▸ **Requirement**
Under this line are records; the part from the line containing "new 2025 Porsche" through the line containing "kubota m9540 parts diagram" should be repeated exactly. Please exclude pictures.

▸ **Data section**
+===+

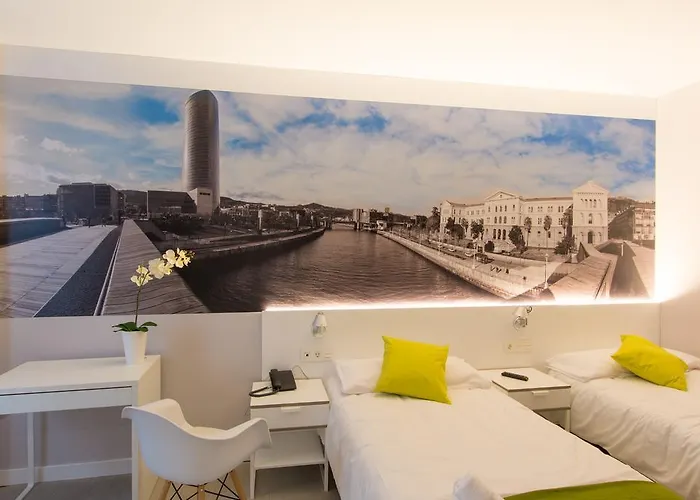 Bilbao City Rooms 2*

+===+

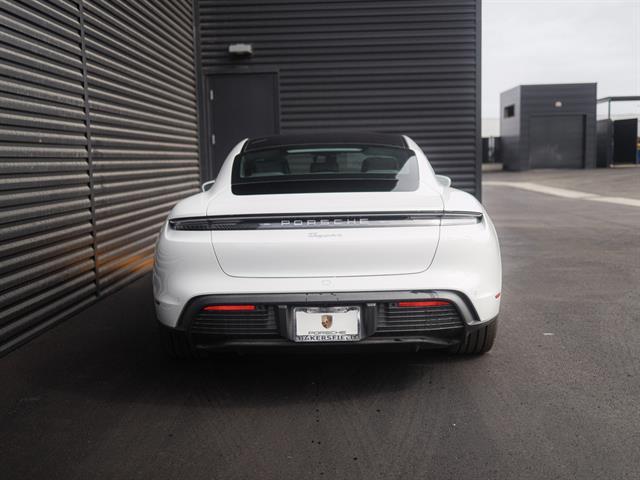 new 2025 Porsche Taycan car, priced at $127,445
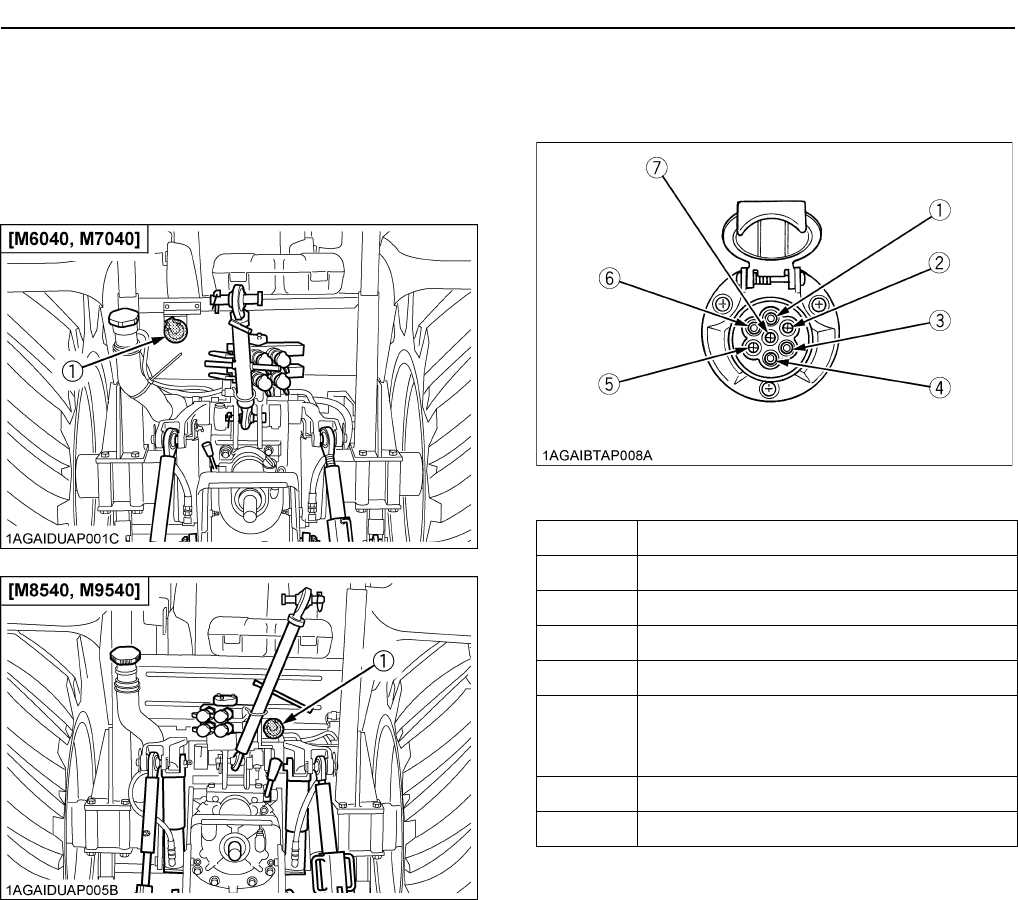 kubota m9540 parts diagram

+===+

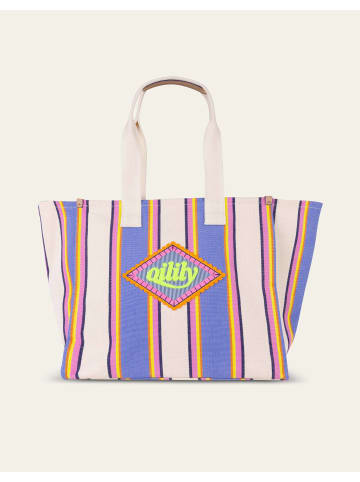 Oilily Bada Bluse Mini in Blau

+===+

▸ **Result**
 new 2025 Porsche Taycan car, priced at $127,445
 kubota m9540 parts diagram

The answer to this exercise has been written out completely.